As declarações de bens dos agentes públicos serão anualmente
atualizadas. Caso haja omissão das autoridades quanto à cobrança dessas
atualizações, podem e devem ser denunciadas. O agente público até poderá
entregar cópia da declaração de Imposto de Renda, para tentar suprir a
exigência legal, mas deve ter claro que a declaração de bens e valores
que compõem seu patrimônio privado é mais abrangente do que a própria
declaração do Imposto de Renda, pois remete ao conceito de “patrimônio
privado”, “bens de qualquer natureza”, “rendas”, além de outras
variáveis.
O agente político, nesse contexto, deve prestar contas de sua
evolução patrimonial, atuando com transparência e lealdade
institucional, eis a razão de ser deste rigor normativo. Atos anômalos,
como empréstimos, doações, depósitos em contas próprias ou de terceiros,
seja direta ou indiretamente (como beneficiário), devem ser
documentados e objeto de controles públicos. Os chamados sinais
exteriores de riqueza, incompatíveis com essa declaração anual exigida
por lei, já caracterizam suporte para ação de improbidade, se não houver
explicações razoáveis do investigado.
O enriquecimento de um agente político não pode ser um mistério, eis
que exposto ao escrutínio dos órgãos correicionais competentes e
submetido a um regime de relação de especial sujeição com o Estado.

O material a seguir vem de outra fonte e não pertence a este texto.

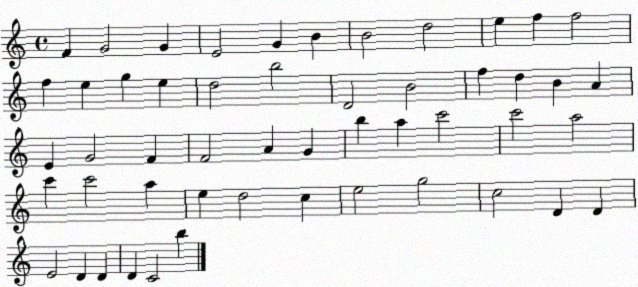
X:1
T:Untitled
M:4/4
L:1/4
K:C
F G2 G E2 G B B2 d2 e f f2 f e g e d2 b2 D2 B2 f d B A E G2 F F2 A G b a c'2 c'2 a2 c' c'2 a e d2 c e2 g2 c2 D D E2 D D D C2 b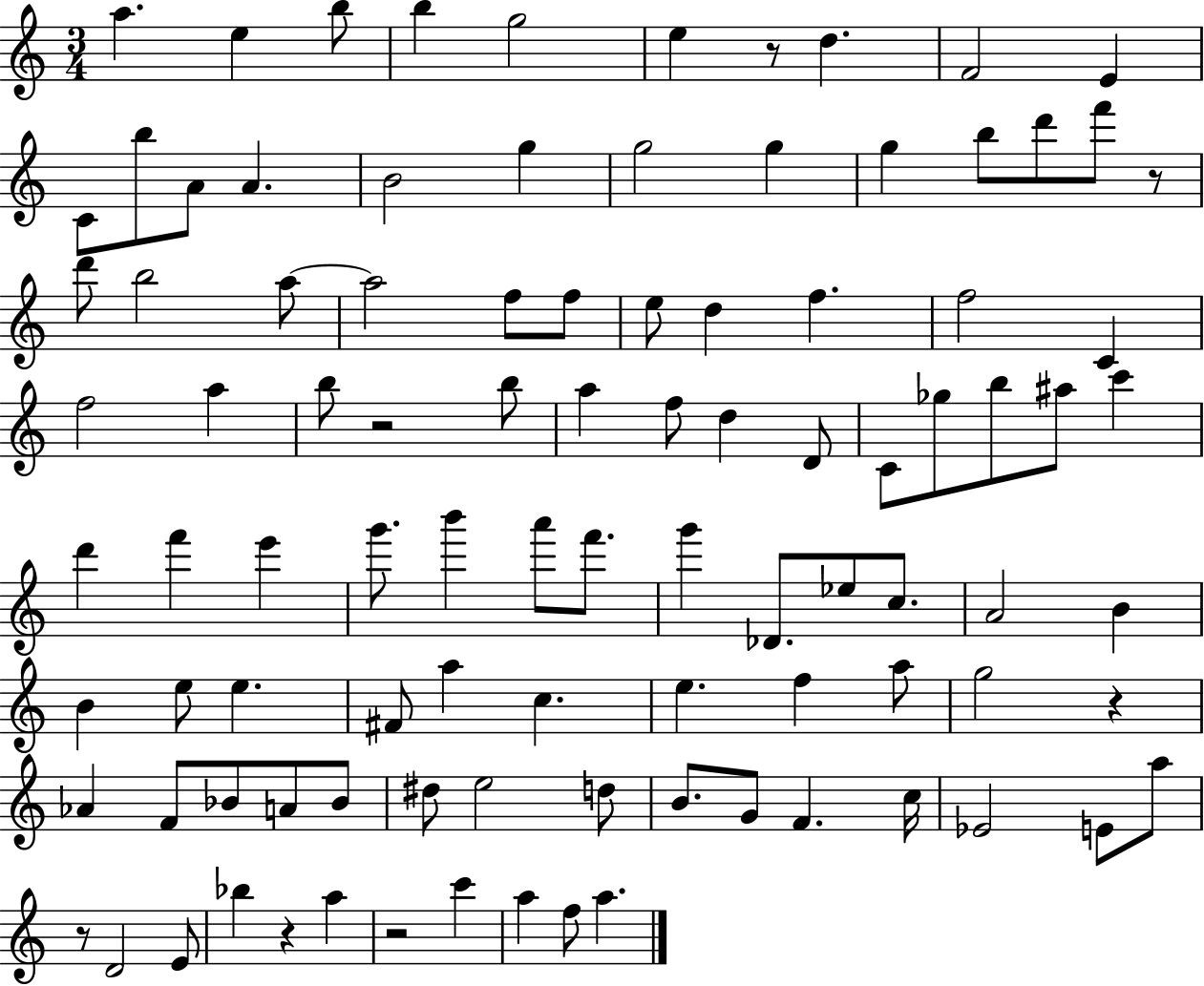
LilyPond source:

{
  \clef treble
  \numericTimeSignature
  \time 3/4
  \key c \major
  a''4. e''4 b''8 | b''4 g''2 | e''4 r8 d''4. | f'2 e'4 | \break c'8 b''8 a'8 a'4. | b'2 g''4 | g''2 g''4 | g''4 b''8 d'''8 f'''8 r8 | \break d'''8 b''2 a''8~~ | a''2 f''8 f''8 | e''8 d''4 f''4. | f''2 c'4 | \break f''2 a''4 | b''8 r2 b''8 | a''4 f''8 d''4 d'8 | c'8 ges''8 b''8 ais''8 c'''4 | \break d'''4 f'''4 e'''4 | g'''8. b'''4 a'''8 f'''8. | g'''4 des'8. ees''8 c''8. | a'2 b'4 | \break b'4 e''8 e''4. | fis'8 a''4 c''4. | e''4. f''4 a''8 | g''2 r4 | \break aes'4 f'8 bes'8 a'8 bes'8 | dis''8 e''2 d''8 | b'8. g'8 f'4. c''16 | ees'2 e'8 a''8 | \break r8 d'2 e'8 | bes''4 r4 a''4 | r2 c'''4 | a''4 f''8 a''4. | \break \bar "|."
}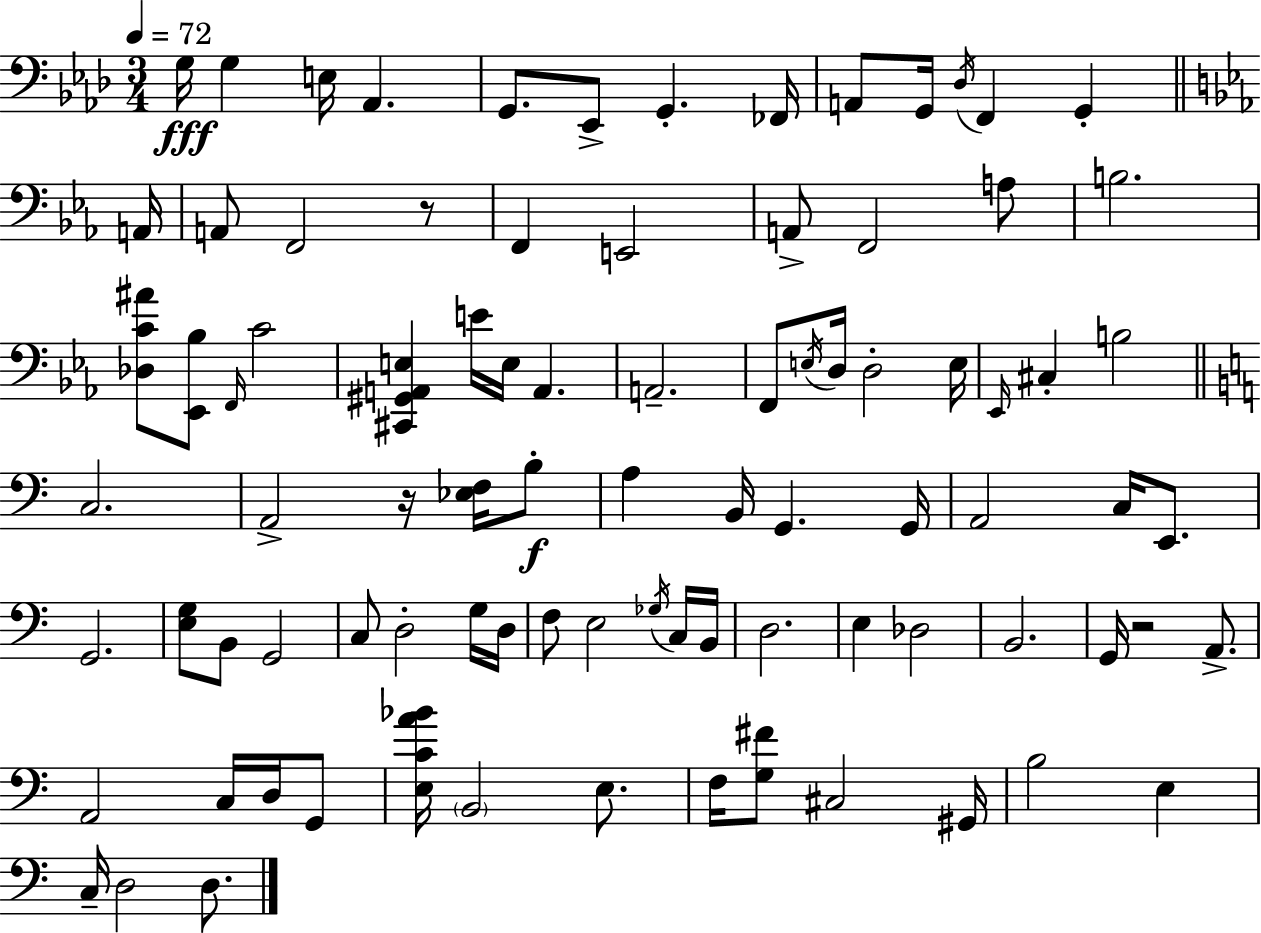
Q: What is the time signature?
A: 3/4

Admite-se que um homem público tenha atividades empresariais ou
profissionais paralelas, desde que não haja conflitos de interesses com
os assuntos públicos que lhe são afetos. E o enriquecimento de seus
parentes e pessoas próximas, se a ele relacionado, deverá sofrer
idênticos controles. É o caso do uso dessas pessoas, físicas ou
jurídicas, como “laranjas”, expressão que designa quem intermedeia
transações financeiras ou societárias fraudulentas, emprestando seu nome
ou estrutura, documentos ou contas bancárias para ocultar a identidade
de terceiros.
Há uma nova legislação que reprime o uso dos “laranjas”,
especialmente quando estes se revestem da qualidade de pessoas
jurídicas. Trata-se da Lei 12.846/13, a Lei Anticorrupção brasileira,
que se interliga às legislações dos países signatários de tratados e
convenções internacionais que combatem esses ilícitos.
A constituição de empresas no exterior, ou no Brasil, para ocultar
ativos, dissimular interesses ou dificultar investigações pode sujeitar a
pessoa jurídica (de que se valha o agente político direta ou
indiretamente) às sanções da Lei Anticorrupção do país onde estiverem
sediadas, suscitando cooperação internacional estreita. E, é bom
lembrar, os mecanismos investigatórios e tecnológicos, aliados ao fim do
sigilo bancário internacional, posicionam o crime organizado num
inédito patamar de vulnerabilidade em face dos órgãos de repressão
públicos, notadamente diante dos avanços de instrumentos como a delação
premiada e os acordos de leniência e cooperação internacional entre
Ministérios Públicos, sem falar na inteligência e atuação integrada do
sistema punitivo internacional, como um todo.